Terraform and AWS ECS Autoscale

25 Jun 2018

Reading time ~4 minutes

I work at a AWS/Docker/ECS/Terraform shop. Our ECS cluster environments are pretty much automated at this point. One of the last remaining tasks we want to accomplish is setting up autoscaling on containers accordling. Here is our setup for AWS ECS Autoscale.

Modules
- Modules ALB Service
Environment
- webservice.tf

Modules ALB Service

main.tf

In addition to the usual alb resources, we define the following for autoscale:

aws_cloudwatch_metric_alarm
aws_appautoscaling_target
aws_appautoscaling_policy

We first define the cloudwatch alarms for RPM high/low.

resource "aws_cloudwatch_metric_alarm" "cloudwatch_metric_alarm_rpm_high" {
  count               = "${var.autoscale_rpm_enabled == "true" ? 1 : 0}"
  alarm_name          = "${var.name}-RequestCountPerTarget-High"
  alarm_description   = "Managed by Terraform"
  alarm_actions       = ["${aws_appautoscaling_policy.appautoscaling_policy_rpm_scale_up.arn}", "${var.alarm_pagerduty_sns}"]
  ok_actions          = ["${var.alarm_pagerduty_sns}"]
  comparison_operator = "GreaterThanOrEqualToThreshold"
  evaluation_periods  = "${var.alarm_rpm_high_evaluation_periods}"
  metric_name         = "RequestCountPerTarget"
  namespace           = "AWS/ApplicationELB"
  period              = "${var.alarm_rpm_high_period}"
  statistic           = "${var.alarm_rpm_high_statistic}"
  threshold           = "${var.alarm_rpm_high_threshold}"

  dimensions {
    LoadBalancer = "${var.alb_listener_arn}"
    TargetGroup  = "${aws_alb_target_group.alb_target_group.arn_suffix}"
  }
}

resource "aws_cloudwatch_metric_alarm" "cloudwatch_metric_alarm_rpm_low" {
  count               = "${var.autoscale_rpm_enabled == "true" ? 1 : 0}"
  alarm_name          = "${var.name}-RequestCountPerTarget-Low"
  alarm_description   = "Managed by Terraform"
  alarm_actions       = ["${aws_appautoscaling_policy.appautoscaling_policy_rpm_scale_down.arn}", "${var.alarm_pagerduty_sns}"]
  ok_actions          = ["${var.alarm_pagerduty_sns}"]
  comparison_operator = "LessThanOrEqualToThreshold"
  evaluation_periods  = "${var.alarm_rpm_low_evaluation_periods}"
  metric_name         = "RequestCountPerTarget"
  namespace           = "AWS/ApplicationELB"
  period              = "${var.alarm_rpm_low_period}"
  statistic           = "${var.alarm_rpm_low_statistic}"
  threshold           = "${var.alarm_rpm_low_threshold}"

  dimensions {
    LoadBalancer = "${var.alb_listener_arn}"
    TargetGroup  = "${aws_alb_target_group.alb_target_group.arn_suffix}"
  }
}

Second, we need an auto scaling target.

resource "aws_appautoscaling_target" "appautoscaling_target" {
  count              = "${var.autoscale_enabled == "true" ? 1 : 0}"
  max_capacity       = "${var.autoscale_max_capacity}"
  min_capacity       = "${var.service_desired_count}"
  resource_id        = "service/${var.cluster}/${var.name}"
  role_arn           = "arn:aws:iam::${var.account_id}:role/aws-service-role/ecs.application-autoscaling.amazonaws.com/AWSServiceRoleForApplicationAutoScaling_ECSService"
  scalable_dimension = "ecs:service:DesiredCount"
  service_namespace  = "ecs"
}

Lastly, we need to setup policies when the cloudwatch alerts get triggered.

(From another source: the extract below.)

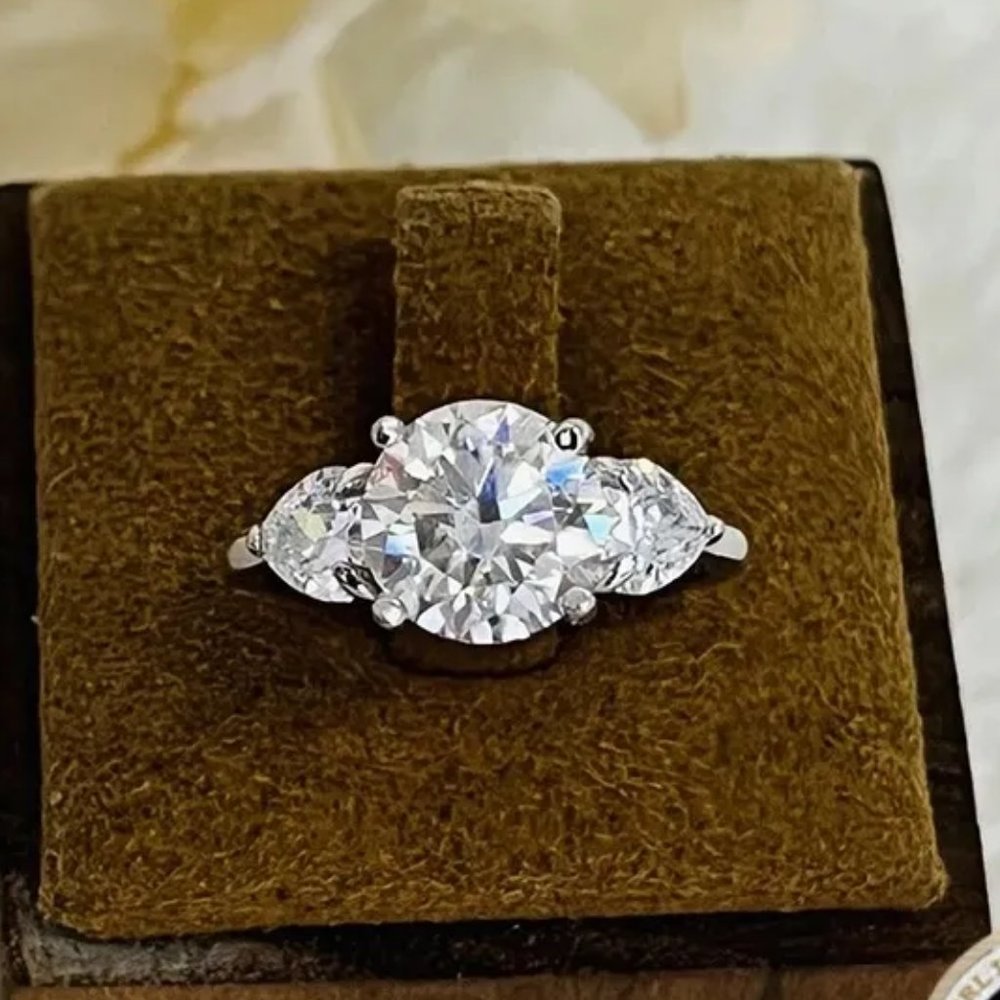Awesome 3 Stone GRA Certified 2.80ctw Diamond Ring. Side Stones Cut As Heart's - Picture 5 of 15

resource "aws_appautoscaling_policy" "appautoscaling_policy_rpm_scale_up" {
  count              = "${var.autoscale_rpm_enabled == "true" ? 1 : 0}"
  name               = "rpm-scale-up"
  resource_id        = "service/${var.cluster}/${var.name}"
  policy_type        = "StepScaling"
  scalable_dimension = "ecs:service:DesiredCount"
  service_namespace  = "ecs"

  step_scaling_policy_configuration {
    adjustment_type         = "ChangeInCapacity"
    cooldown                = "${var.autoscale_up_rpm_cooldown}"
    metric_aggregation_type = "${var.autoscale_up_rpm_aggregation_type}"

    step_adjustment {
      metric_interval_lower_bound = "${var.autoscale_up_rpm_interval_lower_bound}"
      scaling_adjustment          = "${var.autoscale_up_rpm_adjustment}"
    }
  }

  depends_on = ["aws_appautoscaling_target.appautoscaling_target"]
}

resource "aws_appautoscaling_policy" "appautoscaling_policy_rpm_scale_down" {
  count              = "${var.autoscale_rpm_enabled == "true" ? 1 : 0}"
  name               = "rpm-scale-down"
  resource_id        = "service/${var.cluster}/${var.name}"
  policy_type        = "StepScaling"
  scalable_dimension = "ecs:service:DesiredCount"
  service_namespace  = "ecs"

  step_scaling_policy_configuration {
    adjustment_type         = "ChangeInCapacity"
    cooldown                = "${var.autoscale_down_rpm_cooldown}"
    metric_aggregation_type = "${var.autoscale_down_rpm_aggregation_type}"

    step_adjustment {
      metric_interval_upper_bound = "${var.autoscale_down_rpm_interval_upper_bound}"
      scaling_adjustment          = "${var.autoscale_down_rpm_adjustment}"
    }
  }

  depends_on = ["aws_appautoscaling_target.appautoscaling_target"]
}

variables.tf

We separate out the autoscale_enabled and autoscale_rpm_enabled so that services can only enable certain autoscale policies (CPU/Memory/RPM/etc) …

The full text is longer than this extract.